- Born: 21 April 1946 (age 80) Cambridge
- Occupation: Writer
- Alma mater: University of Pennsylvania
- Genre: Biography, history

Website
- www.jamesrobertparish.com

= James Robert Parish =

American author, entertainment historian, and biographer

James Robert Parish (born April 21, 1946) is an American author, entertainment historian, and biographer. He also is a former entertainment reporter (for Variety), former book editor, former publicist and former lawyer (in New York).

He is the author of more than 100 books including biographies, histories and reference works, and is known for his knowledge of Hollywood legend and lore, fact, and anecdote. He is also claimed to have developed the genre of Hollywood nostalgia. Some of his notable books include Fiasco: A history of Hollywood's iconic flops, The Hollywood Book of Death, The Hollywood Book of Breakups, The Hollywood Book of Extravaganza, and It's Good to Be the King.

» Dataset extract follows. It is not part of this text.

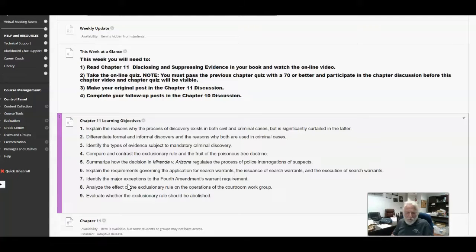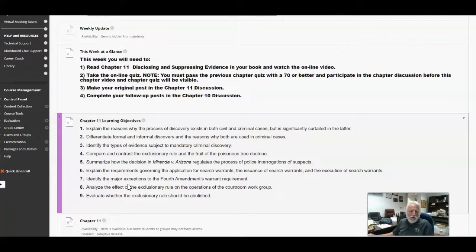But preferably, take it until you make a 100. And then you need to complete your original post for chapter 11 and your follow-up post for chapter 10. Do both of those things. And that's about all you've got due this week.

As a consultant for TV documentaries and biographies, he has appeared frequently on national news shows and specials dealing with the performing arts. Some of his notable appearances include Dateline NBC, A&E Biography, E!'s Mysteries and Scandals and E! True Hollywood Story, Court TV's Hollywood Justice, Fox News Channel's Rita Cosby Show and American Broadcasting Company's Cops on the Screen. He also worked for specials and series episodes produced by England's BBC, Granada TV, and Channel 4. He lives in Studio City, California.